Can you imagine? Our appointment just happened to fall through, and we just happened to be walking down the street on the very night they opened their lomitos stand - all of these things that are too perfect to be coincidence. God is truly great.
How have you seen the hand of God in your life?
Q & A
1. You've mentioned Sister Training Leaders in your emails. Tell us more about them. Are both members of a companionship STL's or just one? Are there STL's in every district, or do they cover more than one district? What are their responsibilities? (We didn't have STL's when I was a missionary).
Usually just one member of a companionship is a Sister Training Leader. Our STL, Hermana Field, is the only STL in the zone, but our district is the only district with sisters, so she only covers our district. They go on divisions at least once per transfer with the sisters to show us by example how we should go about missionary work, and they call us at least once a week to see how we're doing. They are sisters we can look to for advice and counsel and leadership.

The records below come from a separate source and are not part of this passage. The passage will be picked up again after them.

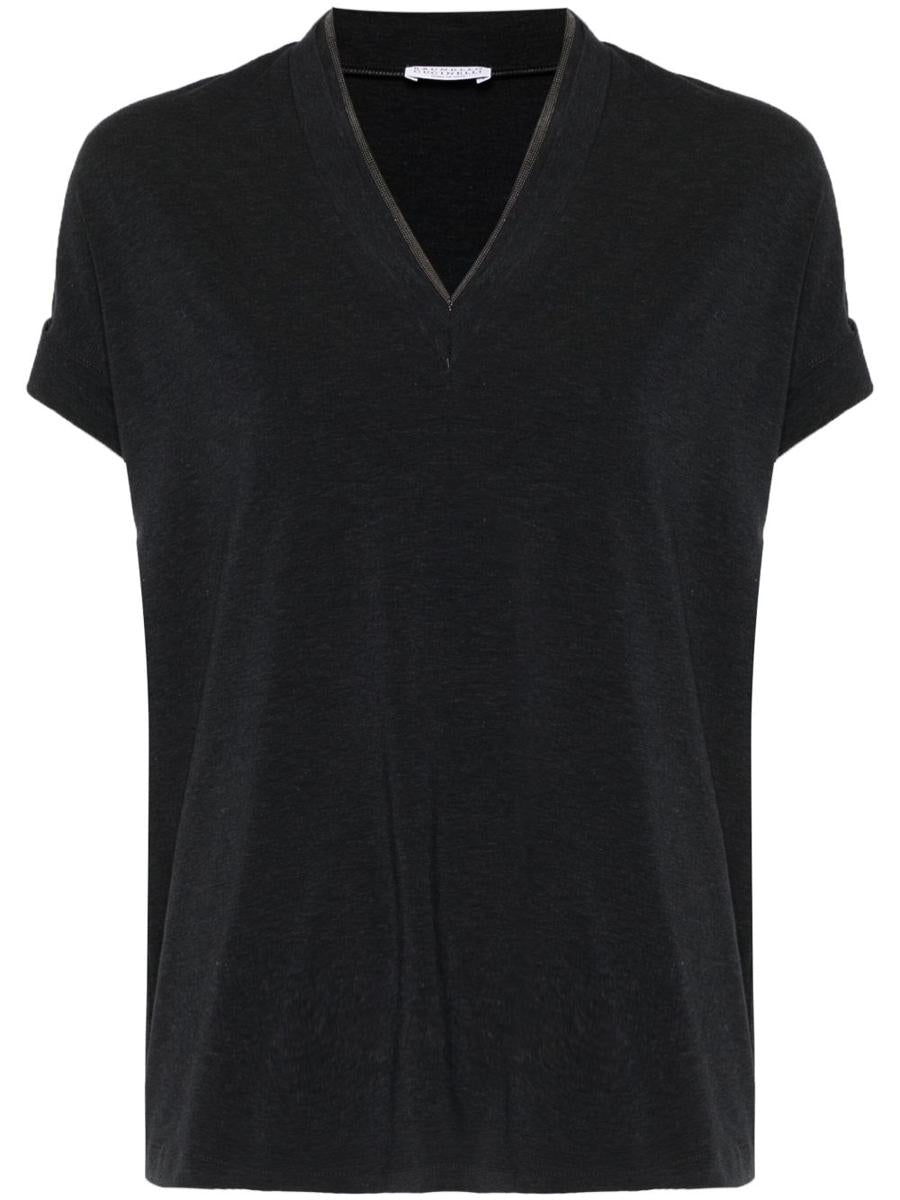 Brunello Cucinelli Cotton V-Necked T-Shirt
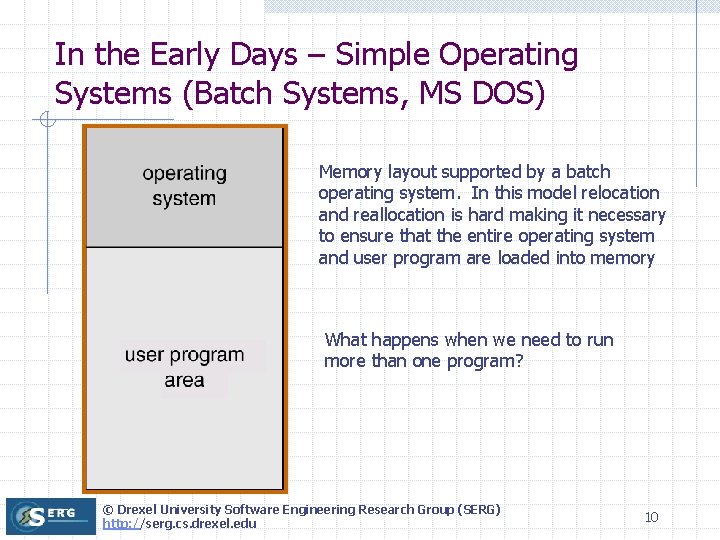 In the Early Days – Simple Operating Systems (Batch Systems, MS DOS) Memory layout In the Early Days – Simple Operating Systems (Batch Systems, MS DOS) Memory layout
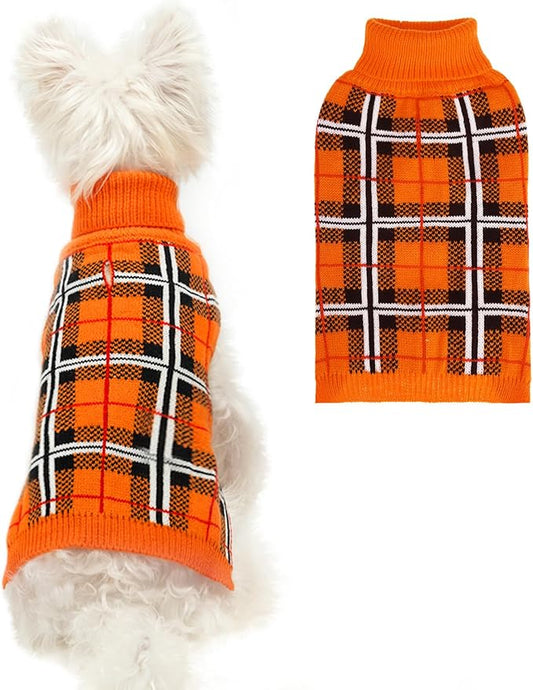 PUPTECK Dog Sweaters for Large Medium Small Dogs - Fall Classic Plaid Style Puppy Holiday Winter Coat Clothes Warm, Reddish Orange, S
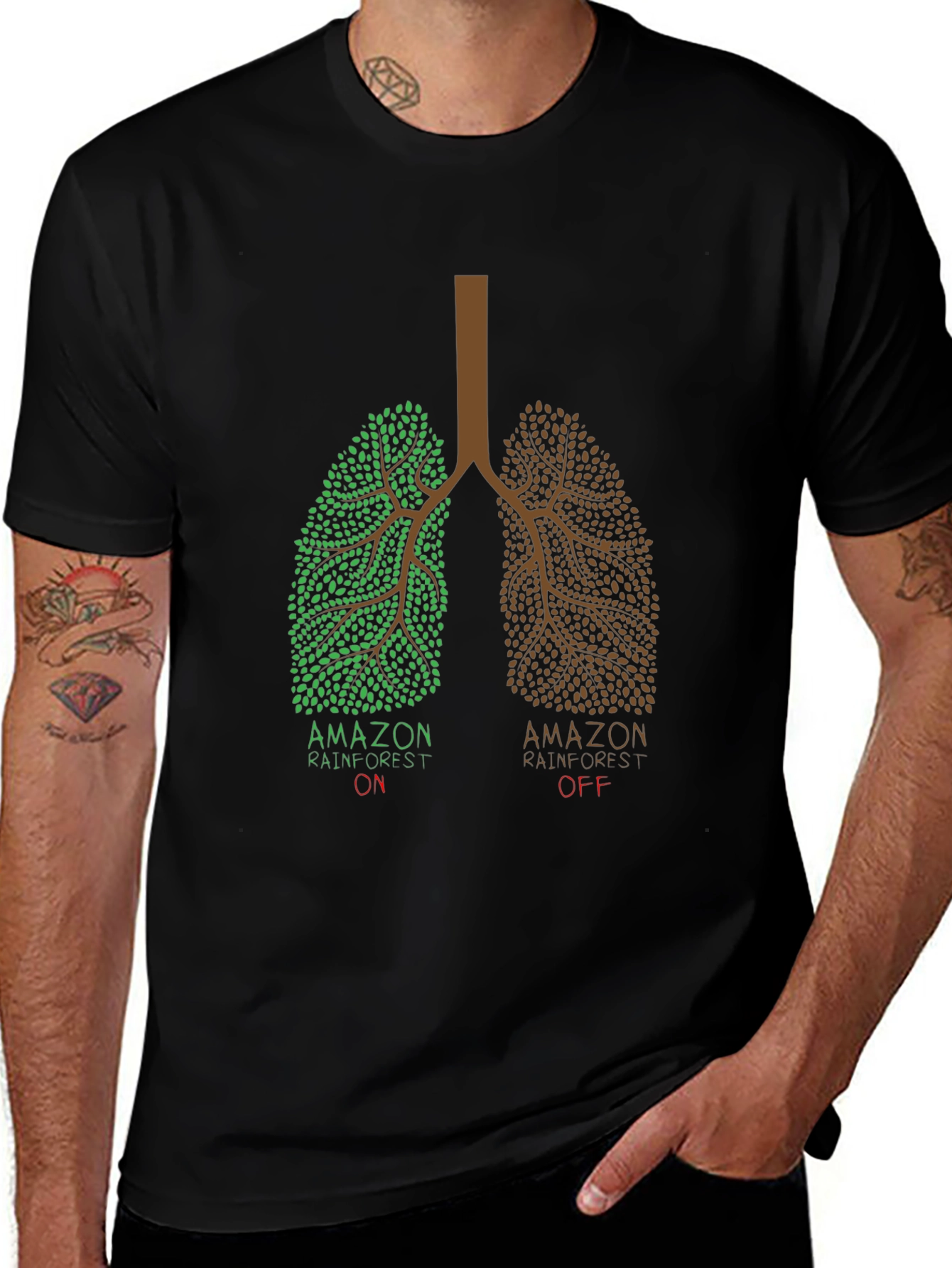 Amazon Rainforest Lungs Graphic T-Shirt - Black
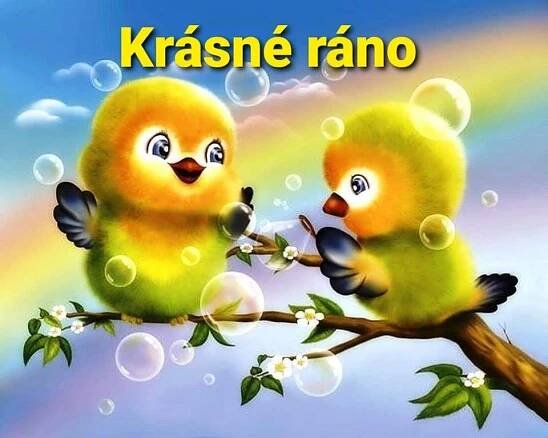 two yellow birds sitting on top of a tree branch with bubbles in the sky behind them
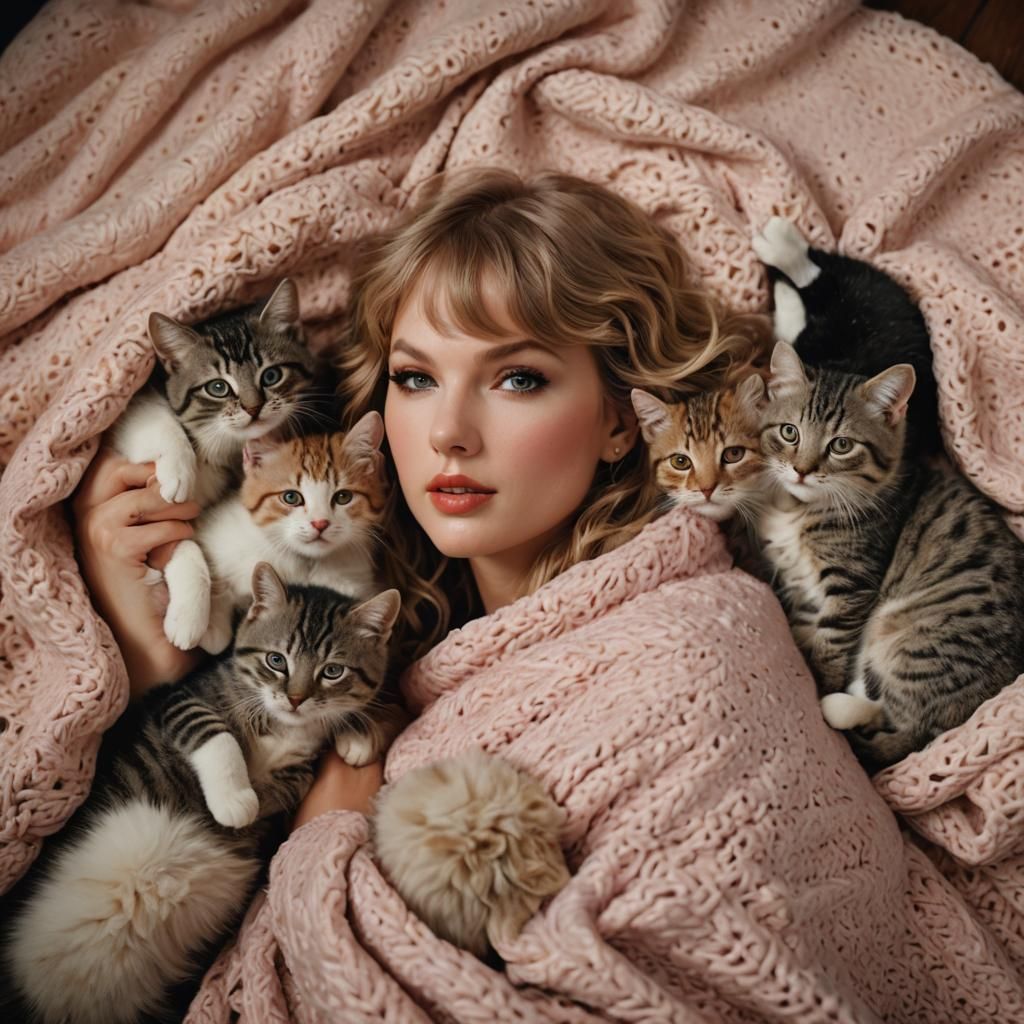 Taylor Swift Portrait with Baby Cats: Hyper-Realistic Photog...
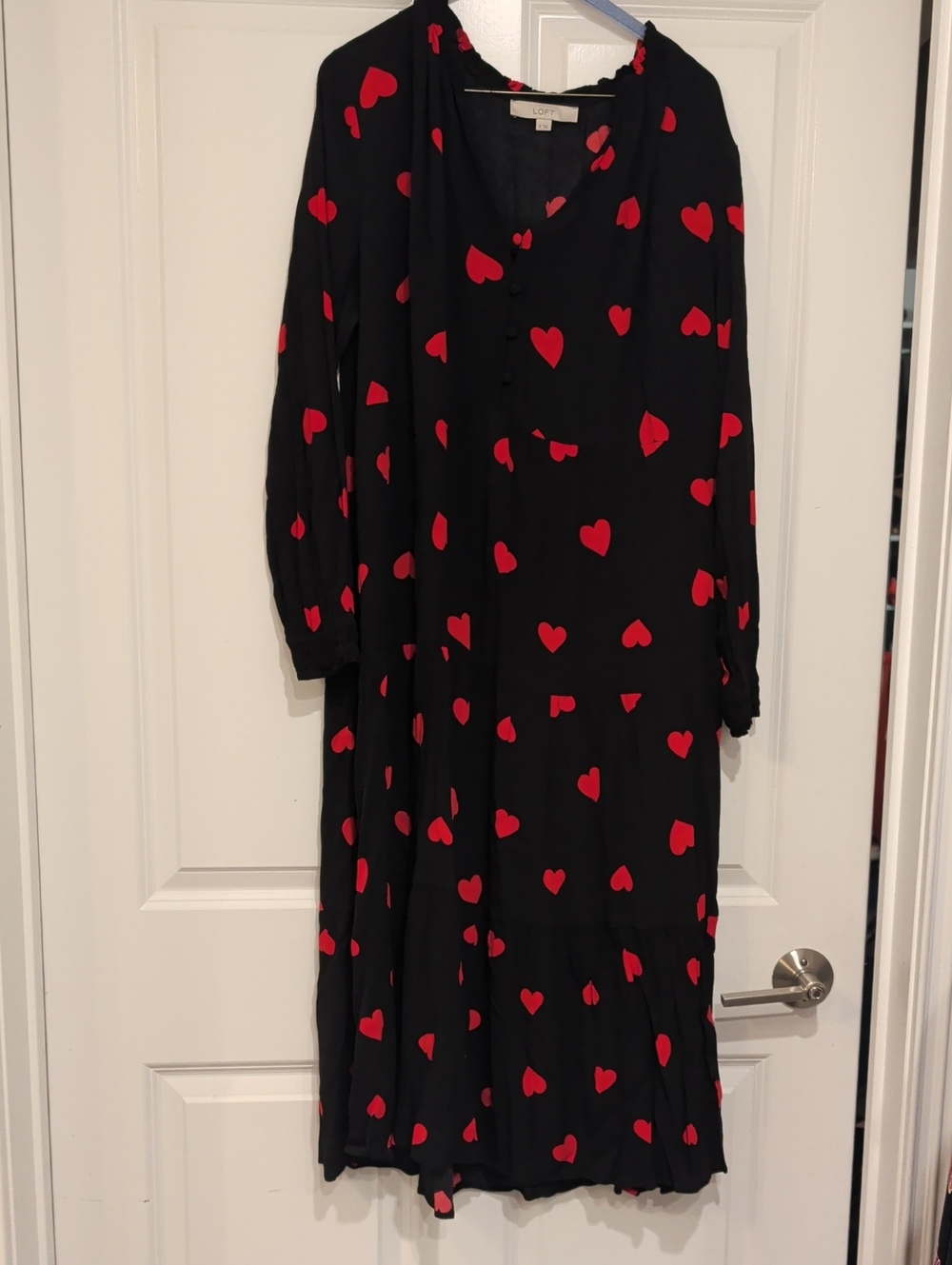 LOFT Black Maxi Dress with Red Heart Print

2. What has been the most difficult thing about your mission thus far?
The most difficult thing for me thus far is probably inviting people to be baptized. I love teaching the Gospel and talking about doctrine and helping people feel the Spirit, but asking them to make these huge changes in their lives me cuesta mucho. (translation: it costs me a lot, or it's really hard for me) I guess I'm just so afraid they'll say no that I can't bring myself to talk to them about it.
3. What food do you miss the most? (On my mission we never had cheese. I really liked Japanese food, so I don't know that I missed it that much, but it was kind of weird not to have it).
I really like Paraguayan food, so I don't miss too much of American food...occasionally I remember things and I think, man, that would taste really good right now, too bad it doesn't exist here, but then I just eat chipa and it solves my problems. Haha. I do miss not having to cook for myself, and sometimes I really miss your salads.